Yazı sayesinde anlaşmazlıklar, sorunlar ve başarısızlıklar da nesnelleşir. Yazı, hiyerarşiyi görünür kılar. Bu sayede hiyerarşiyi sağlamlaştırmak yahut büsbütün değiştirmek kolaylaşır. Bir kararnameyle, bir yasayla, bir tebliğle yer yerinden oynar. Yazılılığın esası kayıttır. Artık kayıt salt yazıyla olmuyor. Ses kaydı var, video kaydı var. İyi ki de var! Güneş’in altında kaydedilmemiş diyar bırakmayacağız bu gidişle. En mahrem en özel şeyler kayda alınıyor. Artık her şey genel, her şey kamusal!

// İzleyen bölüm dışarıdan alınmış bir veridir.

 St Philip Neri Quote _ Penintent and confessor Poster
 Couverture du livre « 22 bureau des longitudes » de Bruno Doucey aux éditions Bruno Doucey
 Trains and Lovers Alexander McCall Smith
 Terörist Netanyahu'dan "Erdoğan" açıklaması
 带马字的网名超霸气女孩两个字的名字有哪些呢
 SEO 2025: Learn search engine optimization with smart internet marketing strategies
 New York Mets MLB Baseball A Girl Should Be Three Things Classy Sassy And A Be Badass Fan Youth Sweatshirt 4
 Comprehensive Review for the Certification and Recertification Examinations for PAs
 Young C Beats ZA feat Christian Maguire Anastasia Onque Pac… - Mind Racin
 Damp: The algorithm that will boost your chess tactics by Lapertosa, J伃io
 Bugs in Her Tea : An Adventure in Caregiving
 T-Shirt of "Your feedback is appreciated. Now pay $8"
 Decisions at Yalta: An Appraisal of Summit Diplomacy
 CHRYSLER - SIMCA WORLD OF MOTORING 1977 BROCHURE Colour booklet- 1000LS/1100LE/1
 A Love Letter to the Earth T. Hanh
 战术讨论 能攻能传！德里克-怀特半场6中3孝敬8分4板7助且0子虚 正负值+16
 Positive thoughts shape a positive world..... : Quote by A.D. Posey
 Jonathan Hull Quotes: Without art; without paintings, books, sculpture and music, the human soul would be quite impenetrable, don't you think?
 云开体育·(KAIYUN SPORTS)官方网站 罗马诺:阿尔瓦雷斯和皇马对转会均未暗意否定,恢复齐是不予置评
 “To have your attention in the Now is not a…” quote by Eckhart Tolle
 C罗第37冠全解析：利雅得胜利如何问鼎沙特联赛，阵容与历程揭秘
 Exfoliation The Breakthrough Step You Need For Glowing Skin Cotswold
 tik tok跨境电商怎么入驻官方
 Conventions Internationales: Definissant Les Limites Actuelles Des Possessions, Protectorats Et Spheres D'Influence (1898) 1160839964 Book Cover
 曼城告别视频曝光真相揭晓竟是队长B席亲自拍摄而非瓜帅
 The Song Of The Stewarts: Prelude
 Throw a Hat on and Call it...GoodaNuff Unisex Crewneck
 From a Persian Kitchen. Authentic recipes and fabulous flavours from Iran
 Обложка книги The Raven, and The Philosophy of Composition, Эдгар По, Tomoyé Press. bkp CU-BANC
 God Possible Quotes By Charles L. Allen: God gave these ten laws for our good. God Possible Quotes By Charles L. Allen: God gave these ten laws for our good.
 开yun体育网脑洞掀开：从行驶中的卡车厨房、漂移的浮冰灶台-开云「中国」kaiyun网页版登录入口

Gizlilik zorlaşıyor. Gizli kameralar, vesikalar derken artık gizli iş tutmak hepten güçleşti. Eski zaman hırsızlarını, ajanlarını, komplolarını düşünün hele. Bazıları hala aydınlığa kavuşmadı. Hasan Sabbah’ın fedaileri ve daileri yahut Tapınak Şövalyeleri, Kuru Kafa ve Kemikler, İlluminati vb. gizli cemiyetler artık o kadar da gizli değiller. Tarihte gizlenmişlerin yanına kâr kaldı. Ya da üstlerine atılı iftiralar temizlenemez artık. Siz istediğiniz kadar yazın Haşhaşçı değildik diye. Zamanın tapınakçı yalanları, devletlû tezviratı artık pek çok gönülde birer delil, gerçek ne yazık ki. Oysa şimdi öyle mi? Efsanelerin dağılıp gerçeklerin ortaya çıkma hızı her geçen gün artıyor. Dünün makbul maklubecilerinin foyası ortaya çıktı. Dünün işadamlarının makyajları siliniyor. Gerçek yüzleri artık herkesin malumu. Gizli kalmıyor hiçbir şey. Artık tek gizlenme yolu, daha fazla kayıtla, daha fazla bilgiyle kamufle olmak. Bilgi yığını yaratıp içine gizlenmek dışında yol kalmadı. Kim bilir belki yakında bir yapay zekâ uygulaması bunu da çözer.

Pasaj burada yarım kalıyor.